The Chiang Rai Residence, transporting everyday affairs into new spectacular settings. The landscape team builds a new set of relationships and creates unexpected participation, creating a situation-related landscape that is never stylized but remains prosaic spaces for “natural” interaction. The project seems at odd with any architectural preconceptions one may have about how a predominant house and its landscape should work together.
The first and foremost requirement is to keep the existing trees in their places. Thus, they act as a pretext to the design, giving the framework for both the house and the landscape. The house and the land gradually merged, levels and their stepping terraces are carefully designed to be integrated into existing topography, creating layers of terraced landscape that is at once pleasing and functional. With collaborative effort of the teams, the existing trees are carefully preserved and protected throughout the construction process.
The landscape of Chiang Rai Residence can be seen as a network of relationships. This notion of participation allows the connection between interiority and exteriority, as well as the transition between distinct activities.We never felt that the place is being “designed,” to have its own distinct identity; rather, it is being built as a framework of lives. Here, the task of describing the place becomes clearer. It is to develop vocabularies that will demonstrate how settings that are distinct from one another can also be interconnected.
The landscape team values ecosystem services of the place and intend to create landscape design with minimum disturbance to the site’s natural settings. The landscape design is proposed to interweave the exterior vertical spaces while paying respect to keep the site’s topography level. Along the slope and hardscape areas, the landscape team selected permeable paving materials of local stone and fine gravel that allow water to naturally infiltrate to the ground.

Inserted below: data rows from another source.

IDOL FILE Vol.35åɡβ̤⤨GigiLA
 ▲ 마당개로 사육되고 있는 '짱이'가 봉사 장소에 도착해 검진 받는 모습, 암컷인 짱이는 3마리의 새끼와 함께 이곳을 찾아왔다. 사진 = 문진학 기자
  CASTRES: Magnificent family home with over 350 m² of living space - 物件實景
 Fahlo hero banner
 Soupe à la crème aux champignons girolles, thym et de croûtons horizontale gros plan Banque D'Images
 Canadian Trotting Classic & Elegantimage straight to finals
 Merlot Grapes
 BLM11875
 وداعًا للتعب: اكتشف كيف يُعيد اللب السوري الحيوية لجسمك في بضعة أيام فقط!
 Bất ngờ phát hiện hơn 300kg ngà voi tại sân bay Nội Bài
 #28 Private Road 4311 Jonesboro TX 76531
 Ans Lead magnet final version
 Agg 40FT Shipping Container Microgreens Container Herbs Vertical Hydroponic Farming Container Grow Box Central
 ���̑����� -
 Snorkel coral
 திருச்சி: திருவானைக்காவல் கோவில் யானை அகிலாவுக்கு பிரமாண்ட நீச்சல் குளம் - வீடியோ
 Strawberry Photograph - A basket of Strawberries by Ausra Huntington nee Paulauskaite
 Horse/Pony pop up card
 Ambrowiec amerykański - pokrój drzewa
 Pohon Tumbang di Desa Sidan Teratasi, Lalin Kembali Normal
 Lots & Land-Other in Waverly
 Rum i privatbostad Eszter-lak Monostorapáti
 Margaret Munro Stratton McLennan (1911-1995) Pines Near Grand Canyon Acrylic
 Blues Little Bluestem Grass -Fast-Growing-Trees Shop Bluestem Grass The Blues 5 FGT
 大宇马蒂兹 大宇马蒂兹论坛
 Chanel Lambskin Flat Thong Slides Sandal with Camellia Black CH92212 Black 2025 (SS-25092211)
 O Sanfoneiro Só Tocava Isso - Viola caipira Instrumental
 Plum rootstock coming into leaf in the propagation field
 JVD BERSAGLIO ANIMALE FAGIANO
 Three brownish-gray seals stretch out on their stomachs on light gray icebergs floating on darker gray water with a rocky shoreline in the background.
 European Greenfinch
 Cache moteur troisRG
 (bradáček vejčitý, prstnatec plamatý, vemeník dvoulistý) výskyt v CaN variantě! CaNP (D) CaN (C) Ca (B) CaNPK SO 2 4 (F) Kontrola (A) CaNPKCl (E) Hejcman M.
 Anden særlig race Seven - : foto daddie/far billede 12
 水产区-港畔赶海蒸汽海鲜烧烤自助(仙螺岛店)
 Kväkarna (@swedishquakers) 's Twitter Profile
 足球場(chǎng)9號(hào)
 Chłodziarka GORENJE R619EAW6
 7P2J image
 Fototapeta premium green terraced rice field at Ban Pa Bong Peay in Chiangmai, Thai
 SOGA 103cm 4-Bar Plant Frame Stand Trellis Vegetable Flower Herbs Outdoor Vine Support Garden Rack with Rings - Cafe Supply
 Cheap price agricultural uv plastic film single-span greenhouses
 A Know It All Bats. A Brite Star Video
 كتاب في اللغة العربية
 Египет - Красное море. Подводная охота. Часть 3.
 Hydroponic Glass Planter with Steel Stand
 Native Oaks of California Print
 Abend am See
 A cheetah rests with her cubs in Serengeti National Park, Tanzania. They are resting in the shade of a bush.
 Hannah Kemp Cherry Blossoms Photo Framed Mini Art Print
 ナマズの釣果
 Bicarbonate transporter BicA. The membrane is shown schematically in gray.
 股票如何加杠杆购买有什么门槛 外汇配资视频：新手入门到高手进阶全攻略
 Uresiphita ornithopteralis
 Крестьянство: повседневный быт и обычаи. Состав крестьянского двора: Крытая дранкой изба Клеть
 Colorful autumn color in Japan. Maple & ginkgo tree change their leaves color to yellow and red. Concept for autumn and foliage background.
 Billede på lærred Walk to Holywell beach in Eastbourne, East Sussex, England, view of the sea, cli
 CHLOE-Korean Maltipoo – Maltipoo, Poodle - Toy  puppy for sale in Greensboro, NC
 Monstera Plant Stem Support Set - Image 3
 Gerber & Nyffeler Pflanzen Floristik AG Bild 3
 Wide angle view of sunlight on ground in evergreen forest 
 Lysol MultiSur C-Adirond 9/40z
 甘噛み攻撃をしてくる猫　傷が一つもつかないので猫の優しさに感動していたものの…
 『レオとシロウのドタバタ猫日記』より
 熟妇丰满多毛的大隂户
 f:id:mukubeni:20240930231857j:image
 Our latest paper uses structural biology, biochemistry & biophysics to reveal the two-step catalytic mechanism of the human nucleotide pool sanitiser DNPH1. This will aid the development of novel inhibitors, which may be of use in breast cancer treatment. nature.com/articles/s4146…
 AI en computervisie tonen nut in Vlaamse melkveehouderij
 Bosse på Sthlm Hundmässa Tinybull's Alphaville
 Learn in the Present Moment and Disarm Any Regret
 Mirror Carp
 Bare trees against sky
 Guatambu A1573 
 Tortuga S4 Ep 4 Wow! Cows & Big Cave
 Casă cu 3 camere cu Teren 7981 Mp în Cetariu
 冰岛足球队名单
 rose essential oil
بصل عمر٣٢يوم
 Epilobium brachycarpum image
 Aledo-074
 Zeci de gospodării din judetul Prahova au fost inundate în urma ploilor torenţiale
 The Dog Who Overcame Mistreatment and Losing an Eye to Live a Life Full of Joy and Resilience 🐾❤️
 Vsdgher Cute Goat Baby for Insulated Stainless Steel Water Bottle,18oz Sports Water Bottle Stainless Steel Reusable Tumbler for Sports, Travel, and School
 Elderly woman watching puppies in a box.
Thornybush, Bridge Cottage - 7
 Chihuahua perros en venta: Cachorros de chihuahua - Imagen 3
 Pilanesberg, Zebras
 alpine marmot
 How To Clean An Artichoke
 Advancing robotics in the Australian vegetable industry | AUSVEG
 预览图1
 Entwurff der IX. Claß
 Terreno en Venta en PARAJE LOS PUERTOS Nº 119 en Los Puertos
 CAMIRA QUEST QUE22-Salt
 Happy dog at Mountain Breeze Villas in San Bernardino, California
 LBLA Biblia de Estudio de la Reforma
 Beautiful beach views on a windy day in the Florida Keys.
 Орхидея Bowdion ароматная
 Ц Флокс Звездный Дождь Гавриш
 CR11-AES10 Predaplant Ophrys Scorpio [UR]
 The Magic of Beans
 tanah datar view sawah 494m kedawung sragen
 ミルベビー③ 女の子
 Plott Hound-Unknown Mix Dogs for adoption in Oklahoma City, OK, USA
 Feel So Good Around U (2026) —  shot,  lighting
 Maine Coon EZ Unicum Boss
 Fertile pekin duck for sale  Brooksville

Sustainable Planting Design is a key strategy for cost effective and long-term maintenance of the beauty and healthy landscape ecosystem. Located in Northern Thailand, the site is prone to drought in summer and erosion in rainy season due to high levels of precipitation. In response to challenges, the team carefully selected local, tough and adaptive planting species that tolerate drought, while having the ability to sustain heavy rain such as Chrysopogon zizanioides, and Ruellia tuberosa L. Planting nitrogen fixing plants like legume families such as Arachis pintoi to improve nutrition deficiency in existing soil. Layers of plants and trees, creating distinct settings that are not only for aesthetics, but these settings are also aimed to sustain their own ecosystem while welcoming changes and transformation.
In terms of water sustainable management, rainfalls are strategically managed through different leveling layers of terrain and vegetations. Following the gravity, surface runoff water will be captured and absorbed by native, water-tolerant and tough planting species which disperse throughout the site. The rain garden is located at the lowest level of the terrain to collect and store water during heavy rain, and allow natural infiltration.